══ Data below

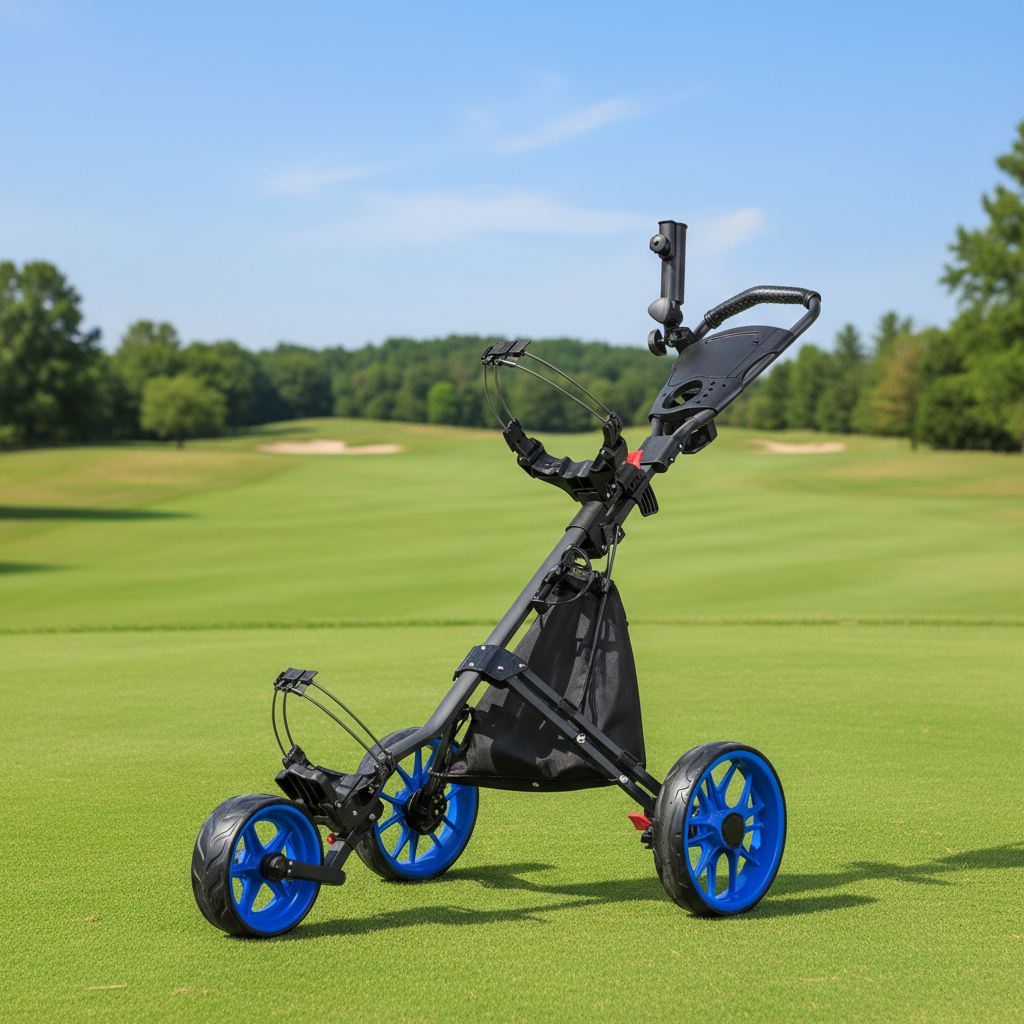 Sports Equipment Golf - 2026 Three-Wheeled Foldable Alloy Golf Push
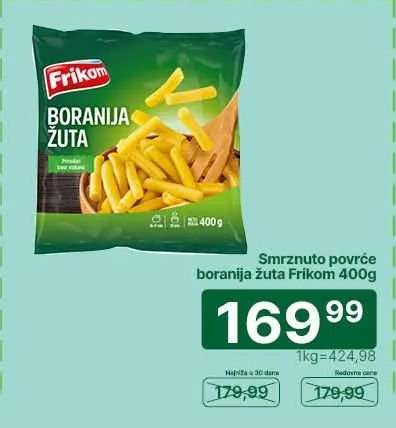 Smrznuto povrće boranija žuta Frikom 400g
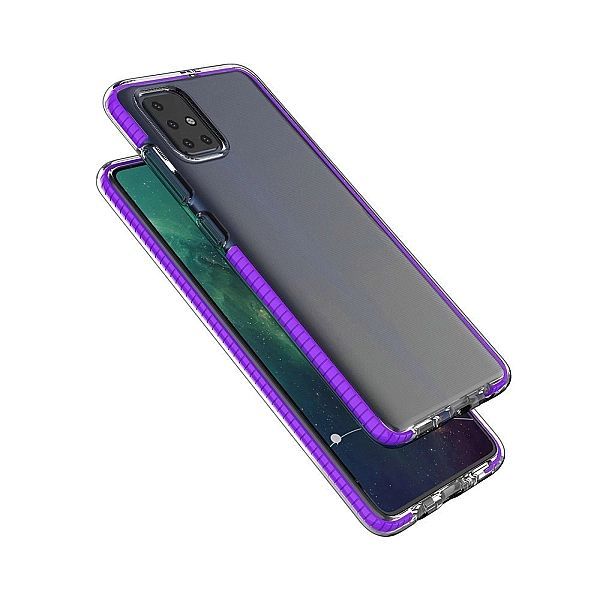 Żelowe etui z kolorową ramką Spring Case do Xiaomi Redmi Note 9 Pro /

════

Verbatim output, no pictures: the line holding "Smrznuto povrće boranija žuta Frikom 400g" and all lines after it through the last line of the material, with nothing else.

### Response to the exercise:
 Smrznuto povrće boranija žuta Frikom 400g
 Żelowe etui z kolorową ramką Spring Case do Xiaomi Redmi Note 9 Pro /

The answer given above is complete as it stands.